She couldn't feel a presence like that at the moment, a thought which left her feeling both thankful and anxious. Who else could it be that would visit her?

She had an answer. The man of her nightmares did not make the air frigid with cold. He brought a cloying, thick humidity that threatened to choke her each time he came.

No, the only one who would make her room this cold was the boy of her dreams—a boy of the beautiful, white pureness and ice, a sort of opposite to the man of the pitch black.

But Sophie would not voice her suspicions outright, aloud. She refused to hope.

But still, it had been a long time since she had seen Jack last.

Slowly, Sophie eased herself out of bed, her muscles still languid from sleep. Snatching up a spare blanket from the bed and wrapping it about her shoulders to keep from freezing, she tiptoed lightly across her bedroom floor so as not to awaken her family.

She flinched whenever an old rickety floorboard creaked. She would pause, holding her breath unwittingly, listening intently into the quiet darkness. Only after a minute or two of noiselessness would she then take up her sleuthing once more.

The blonde squinted her eyes against the dark, scrutinizing the shadows tucked away in the corners, hoping to catch a glimpse of his trademark white hair or a passing snowflake or something of that sort.

While it was a rare thing, it certainly wouldn't be unusual for the mischievous teenager that happened to control their snow days and ice storms and had a reputation for "nipping" peoples' noses to visit his two very first believers at the Bennett house. That is, Jamie and Sophie Bennett.

Jack did visit them on occasion, though he seemed to prefer meeting outside in his element in a spur-of-the-moment.
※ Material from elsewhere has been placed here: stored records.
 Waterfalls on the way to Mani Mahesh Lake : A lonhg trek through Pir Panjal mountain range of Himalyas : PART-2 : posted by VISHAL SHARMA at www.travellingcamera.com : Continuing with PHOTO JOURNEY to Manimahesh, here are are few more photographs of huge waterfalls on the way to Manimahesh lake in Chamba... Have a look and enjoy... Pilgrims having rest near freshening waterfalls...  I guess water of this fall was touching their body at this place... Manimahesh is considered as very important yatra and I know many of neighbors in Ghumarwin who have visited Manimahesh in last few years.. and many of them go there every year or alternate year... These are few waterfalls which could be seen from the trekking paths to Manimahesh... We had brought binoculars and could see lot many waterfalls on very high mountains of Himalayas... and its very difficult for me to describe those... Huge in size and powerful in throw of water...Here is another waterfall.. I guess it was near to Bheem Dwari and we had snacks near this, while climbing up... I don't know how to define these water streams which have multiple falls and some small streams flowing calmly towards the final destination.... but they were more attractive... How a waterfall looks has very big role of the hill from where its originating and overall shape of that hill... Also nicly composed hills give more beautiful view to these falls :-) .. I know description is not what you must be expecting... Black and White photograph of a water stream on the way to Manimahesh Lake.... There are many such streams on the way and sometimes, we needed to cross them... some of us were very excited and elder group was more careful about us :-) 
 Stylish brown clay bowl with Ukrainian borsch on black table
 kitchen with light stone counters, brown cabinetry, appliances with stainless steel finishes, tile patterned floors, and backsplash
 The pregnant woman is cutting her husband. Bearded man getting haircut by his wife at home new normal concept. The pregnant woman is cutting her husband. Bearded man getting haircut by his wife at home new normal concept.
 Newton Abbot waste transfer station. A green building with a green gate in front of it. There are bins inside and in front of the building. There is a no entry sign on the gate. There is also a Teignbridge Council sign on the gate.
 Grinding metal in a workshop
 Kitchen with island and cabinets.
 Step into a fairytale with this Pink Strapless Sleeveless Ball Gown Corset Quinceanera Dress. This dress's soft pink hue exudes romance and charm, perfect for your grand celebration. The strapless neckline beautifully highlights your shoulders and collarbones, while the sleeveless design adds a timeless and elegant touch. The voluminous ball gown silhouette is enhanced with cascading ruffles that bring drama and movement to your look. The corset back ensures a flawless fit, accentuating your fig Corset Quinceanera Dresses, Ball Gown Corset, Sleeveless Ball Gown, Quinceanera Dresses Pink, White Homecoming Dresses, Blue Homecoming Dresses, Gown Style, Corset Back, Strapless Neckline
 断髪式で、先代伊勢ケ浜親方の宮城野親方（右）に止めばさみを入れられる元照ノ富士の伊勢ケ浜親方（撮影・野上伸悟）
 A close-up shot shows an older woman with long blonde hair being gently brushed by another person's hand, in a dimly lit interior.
He became bored easily trapped inside in a house like theirs, so visits to their home were kept to a minimum, but that kept each trip special, she thought.

It was because of this very mentality that exactly ten months ago, Jack had accidentally wandered into her room while she'd been sleeping and had woken her up, thinking it was Jamie.

Sophie could laugh now at the incident, but at the time she'd been scared senseless. He'd unknowingly woken her up in the middle of REM sleep, and her being quite prone to sleep paralysis thanks to the man of her nightmares, Sophie had had an episode.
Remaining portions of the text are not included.